Since we are homeschooling our children, I have a fun opportunity to add “basics of project management for elementary aged kids” to their curriculum. We recently did an assignment / activity around organizing a complex shopping trip as a distinct, temporary endeavor with requirements of efficiency and quality.

Our back to school shopping usually overlaps with making sure everyone also has appropriate clothes for the Jewish High Holidays, such as suits, dresses and other dress clothes. Additionally, this year, we were preparing for an October family wedding. With 5 kids to shop for, and some old enough to care about their own style but none old enough to drive, there was a lot to do.

In the midst of the flurry of gathering the requirements – which kids needed what stuff – it occurred to me that I could use a formal plan to manage the chaos of figuring out which kids needed to be taken to which stores, scheduled according to  the sporadic windows of time my wife and I would have available for such activities. 

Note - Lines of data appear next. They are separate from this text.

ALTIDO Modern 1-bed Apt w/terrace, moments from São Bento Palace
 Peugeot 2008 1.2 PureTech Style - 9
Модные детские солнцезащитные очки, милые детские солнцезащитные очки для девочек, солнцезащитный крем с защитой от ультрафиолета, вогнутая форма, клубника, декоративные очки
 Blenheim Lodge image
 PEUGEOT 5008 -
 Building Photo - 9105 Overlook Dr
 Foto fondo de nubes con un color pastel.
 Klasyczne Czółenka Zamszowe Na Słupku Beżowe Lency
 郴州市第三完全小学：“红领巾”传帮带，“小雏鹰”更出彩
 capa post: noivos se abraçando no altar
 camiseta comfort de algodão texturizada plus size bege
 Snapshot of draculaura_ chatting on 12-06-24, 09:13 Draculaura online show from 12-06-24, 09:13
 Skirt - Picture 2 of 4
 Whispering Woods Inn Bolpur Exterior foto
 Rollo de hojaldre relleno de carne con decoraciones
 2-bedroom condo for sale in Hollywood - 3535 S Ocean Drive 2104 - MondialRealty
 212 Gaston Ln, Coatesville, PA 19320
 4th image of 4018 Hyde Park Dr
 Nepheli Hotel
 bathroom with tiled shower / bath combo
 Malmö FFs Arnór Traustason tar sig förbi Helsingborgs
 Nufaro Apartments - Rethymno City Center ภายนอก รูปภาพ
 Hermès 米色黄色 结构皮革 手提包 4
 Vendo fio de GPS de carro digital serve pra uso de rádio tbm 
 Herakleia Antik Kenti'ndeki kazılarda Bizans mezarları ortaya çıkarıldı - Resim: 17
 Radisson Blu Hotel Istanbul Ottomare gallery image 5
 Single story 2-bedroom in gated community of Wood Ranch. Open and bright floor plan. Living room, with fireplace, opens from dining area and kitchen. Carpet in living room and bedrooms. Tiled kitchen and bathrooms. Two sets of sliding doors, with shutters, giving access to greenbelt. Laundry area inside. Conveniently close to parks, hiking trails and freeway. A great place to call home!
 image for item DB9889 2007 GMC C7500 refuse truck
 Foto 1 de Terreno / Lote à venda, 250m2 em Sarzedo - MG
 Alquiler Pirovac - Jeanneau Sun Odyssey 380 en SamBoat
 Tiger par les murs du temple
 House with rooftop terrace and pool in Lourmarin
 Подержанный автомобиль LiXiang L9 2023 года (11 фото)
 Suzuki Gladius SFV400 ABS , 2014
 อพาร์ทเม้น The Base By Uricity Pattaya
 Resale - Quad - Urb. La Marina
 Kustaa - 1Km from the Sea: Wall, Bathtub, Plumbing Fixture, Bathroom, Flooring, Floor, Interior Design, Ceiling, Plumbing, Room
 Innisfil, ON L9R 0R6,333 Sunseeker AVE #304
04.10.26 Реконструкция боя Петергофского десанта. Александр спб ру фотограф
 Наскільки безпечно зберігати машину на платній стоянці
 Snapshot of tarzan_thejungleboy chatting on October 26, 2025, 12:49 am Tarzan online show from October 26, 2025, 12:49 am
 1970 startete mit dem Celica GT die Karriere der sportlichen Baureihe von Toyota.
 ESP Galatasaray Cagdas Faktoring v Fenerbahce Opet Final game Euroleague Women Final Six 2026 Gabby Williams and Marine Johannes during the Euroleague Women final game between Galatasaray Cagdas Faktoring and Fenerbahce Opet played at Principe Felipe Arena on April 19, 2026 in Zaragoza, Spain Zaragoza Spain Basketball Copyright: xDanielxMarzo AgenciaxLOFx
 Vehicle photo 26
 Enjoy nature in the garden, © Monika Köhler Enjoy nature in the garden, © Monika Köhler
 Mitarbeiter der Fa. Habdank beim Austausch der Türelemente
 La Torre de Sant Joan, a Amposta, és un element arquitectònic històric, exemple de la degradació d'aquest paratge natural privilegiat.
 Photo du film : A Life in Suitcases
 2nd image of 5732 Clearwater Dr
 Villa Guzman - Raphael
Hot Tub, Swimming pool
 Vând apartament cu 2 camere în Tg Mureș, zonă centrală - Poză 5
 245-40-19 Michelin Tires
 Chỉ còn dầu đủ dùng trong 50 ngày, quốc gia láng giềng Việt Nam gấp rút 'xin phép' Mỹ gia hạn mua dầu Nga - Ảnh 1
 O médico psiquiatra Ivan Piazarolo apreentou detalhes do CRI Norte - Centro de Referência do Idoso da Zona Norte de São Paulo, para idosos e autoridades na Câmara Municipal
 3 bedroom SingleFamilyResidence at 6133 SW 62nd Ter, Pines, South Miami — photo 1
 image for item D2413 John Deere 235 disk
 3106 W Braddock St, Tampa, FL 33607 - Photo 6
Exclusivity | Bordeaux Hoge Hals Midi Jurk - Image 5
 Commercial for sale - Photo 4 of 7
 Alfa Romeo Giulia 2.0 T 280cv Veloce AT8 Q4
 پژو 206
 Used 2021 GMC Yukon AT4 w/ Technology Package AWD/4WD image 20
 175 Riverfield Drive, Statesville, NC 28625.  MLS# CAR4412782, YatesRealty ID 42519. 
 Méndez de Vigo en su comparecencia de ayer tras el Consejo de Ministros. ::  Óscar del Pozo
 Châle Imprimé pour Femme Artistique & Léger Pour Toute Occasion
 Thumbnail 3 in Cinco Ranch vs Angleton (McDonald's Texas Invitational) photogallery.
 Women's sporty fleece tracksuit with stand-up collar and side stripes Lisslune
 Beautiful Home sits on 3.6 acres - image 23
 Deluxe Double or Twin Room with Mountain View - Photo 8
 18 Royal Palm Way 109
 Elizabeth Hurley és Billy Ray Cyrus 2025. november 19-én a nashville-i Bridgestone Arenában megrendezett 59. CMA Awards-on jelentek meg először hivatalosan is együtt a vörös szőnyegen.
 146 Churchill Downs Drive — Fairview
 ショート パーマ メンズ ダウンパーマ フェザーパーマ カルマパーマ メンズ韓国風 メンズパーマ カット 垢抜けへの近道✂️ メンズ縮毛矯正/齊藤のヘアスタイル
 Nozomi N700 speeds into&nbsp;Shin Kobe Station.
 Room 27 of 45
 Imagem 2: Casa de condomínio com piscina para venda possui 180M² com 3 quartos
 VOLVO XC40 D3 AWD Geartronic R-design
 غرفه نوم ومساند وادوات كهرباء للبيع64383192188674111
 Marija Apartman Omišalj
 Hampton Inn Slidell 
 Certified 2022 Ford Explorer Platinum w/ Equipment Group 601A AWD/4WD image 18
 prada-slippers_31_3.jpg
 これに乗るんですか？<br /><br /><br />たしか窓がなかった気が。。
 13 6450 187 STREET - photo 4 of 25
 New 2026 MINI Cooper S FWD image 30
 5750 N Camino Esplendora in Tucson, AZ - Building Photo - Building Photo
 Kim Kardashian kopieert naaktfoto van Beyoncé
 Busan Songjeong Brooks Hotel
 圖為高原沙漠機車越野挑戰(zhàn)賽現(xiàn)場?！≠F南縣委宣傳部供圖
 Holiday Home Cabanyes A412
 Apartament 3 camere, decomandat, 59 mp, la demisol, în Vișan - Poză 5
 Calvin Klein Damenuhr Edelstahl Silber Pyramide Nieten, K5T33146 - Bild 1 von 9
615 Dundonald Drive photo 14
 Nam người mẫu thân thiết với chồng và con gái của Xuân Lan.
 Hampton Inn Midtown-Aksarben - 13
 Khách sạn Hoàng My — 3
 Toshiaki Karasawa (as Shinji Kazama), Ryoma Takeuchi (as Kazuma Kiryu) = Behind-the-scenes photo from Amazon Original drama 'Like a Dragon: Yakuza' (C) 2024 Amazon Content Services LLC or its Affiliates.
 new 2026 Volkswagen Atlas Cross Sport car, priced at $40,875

I gathered the team, my wife and kids, and led them through an “activity definition” exercise that produced an output that we then organized into an actual WBS. This became an input to a series of shopping lists matching kids to stores. We then organized the project milestones by store and matched store by location to parental location and time windows. Parents knew ahead of time which stores to go to on which day of the week, as well as which kids were coming and what exactly needed to be bought for each – information provided by the kids themselves and organized into lists.

Using a WBS framework for helping my children in school has many applications. One child was struggling to get started on an English writing assignment, and I followed a similar process to help him organize a content plan to base his writing from.  It’s really cool to see fundamental methodologies work at the  most elementary levels.